Code Quality The codebase uses TypeScript throughout with strict compiler settings and ESLint plus Prettier enforced across both server and client workspaces. Server tests exist using Jest (NestJS testing utilities), and client unit tests use Vitest, but coverage is uneven: most service and controller spec files only assert that the class instantiates, while utility and validator modules have thorough, edge-case-driven test suites with meaningful input/output assertions. Dependency injection is consistent through NestJS decorators, error handling surfaces as typed HTTP exceptions from NestJS, and structured logging is provided by Pino via nestjs-pino. CASL is used for declarative ability-based access control. Production-critical dependencies are pinned via pnpm overrides to prevent transitive version drift in the complex monorepo dependency tree.

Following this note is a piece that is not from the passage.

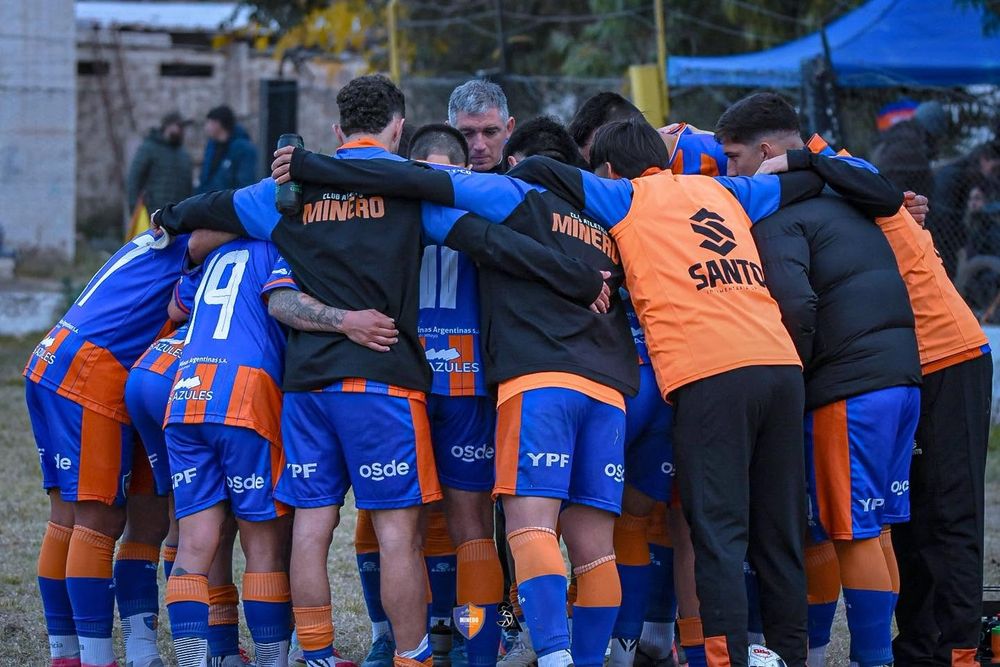 Finalistas. Minero Argentino irá por su primer título en el fútbol de la Liga Sanjuanina y enfrentará a Sportivo 9 de Julio, de gran campaña en el Torneo Apertura.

What Makes It Unique Docmost’s collaboration architecture is notable for running the Hocuspocus WebSocket layer as a separate, independently scalable process that coordinates through Redis, rather than embedding real-time sync into the main HTTP server. This allows teams to scale the collaboration tier for write-heavy workloads without scaling the full application. The transclusion feature lets any page embed a live-rendered excerpt of another page, creating reusable content blocks that propagate updates automatically. The enterprise module loading pattern — where EE code is required at runtime but gracefully absent in community builds — lets a single Docker image serve both editions without build-time feature flags. MCP support exposes Docmost’s content graph to AI agents through a standardized protocol, a relatively uncommon capability in self-hosted wiki software.

Self-Hosting

Docmost core is licensed under the GNU Affero General Public License v3.0 (AGPL-3.0). This means you can use, modify, and self-host the software freely, including for commercial internal use, but any modifications you deploy over a network must be released under the same AGPL license. If you build a hosted service on top of Docmost and offer it to third parties, the AGPL requires you to make your source code available to those users. For most teams running an internal knowledge base on their own infrastructure, the AGPL imposes no practical restrictions — you are not distributing the software to external parties.

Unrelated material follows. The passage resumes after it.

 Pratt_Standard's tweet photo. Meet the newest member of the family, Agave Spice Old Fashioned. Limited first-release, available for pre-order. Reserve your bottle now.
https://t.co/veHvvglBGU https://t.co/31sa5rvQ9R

Running Docmost yourself requires PostgreSQL and Redis in addition to the application container, which the provided Docker Compose file bundles together for single-server setups. You are responsible for database backups, PostgreSQL upgrades, Redis persistence configuration, SSL termination, and monitoring. Multi-instance horizontal scaling is supported for the HTTP API but requires careful Redis configuration and a shared storage backend (S3-compatible or Azure Blob supported) for file attachments. The collaboration layer can be run as a separate process, which adds operational complexity if you need to scale it independently. Expect meaningful infrastructure work to reach a production-grade, highly available deployment compared to spinning up a SaaS alternative.

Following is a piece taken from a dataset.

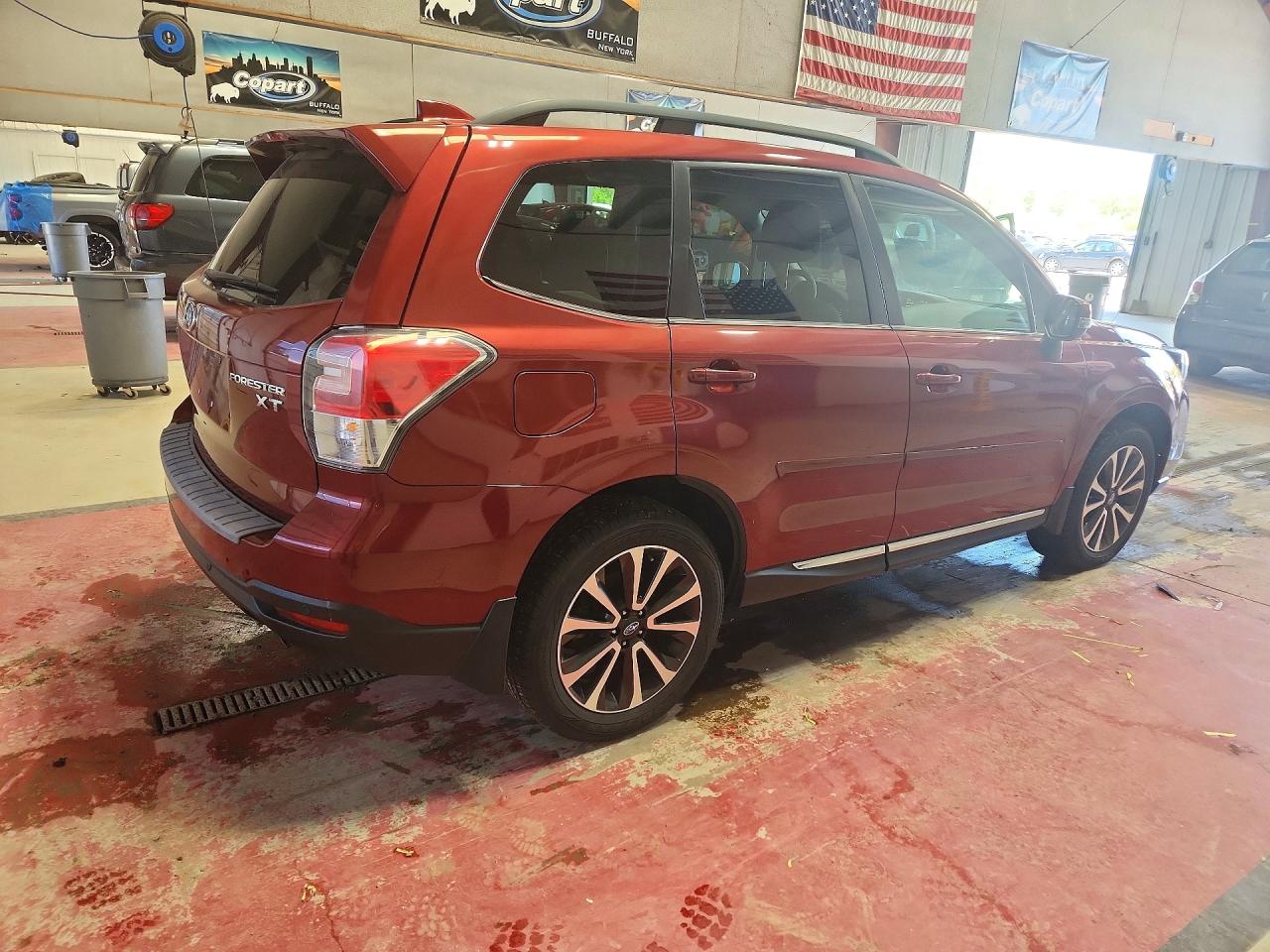 Subaru Forester 2.0xt Touring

Enterprise features — including AI writing assistance, SAML/OIDC/LDAP SSO, MFA, SCIM provisioning, page-level permissions, audit logs, page verification workflows, MCP integration, Confluence import, DOCX/PDF import, and attachment indexing — are licensed separately under a proprietary Docmost Enterprise License that requires a paid subscription for production use. Without an enterprise subscription, those features are present in the repository for development and testing but cannot legally be used in production. The cloud-hosted version at docmost.com handles infrastructure, upgrades, HA, and backups for teams that prefer a managed experience, and includes enterprise features under its subscription tiers.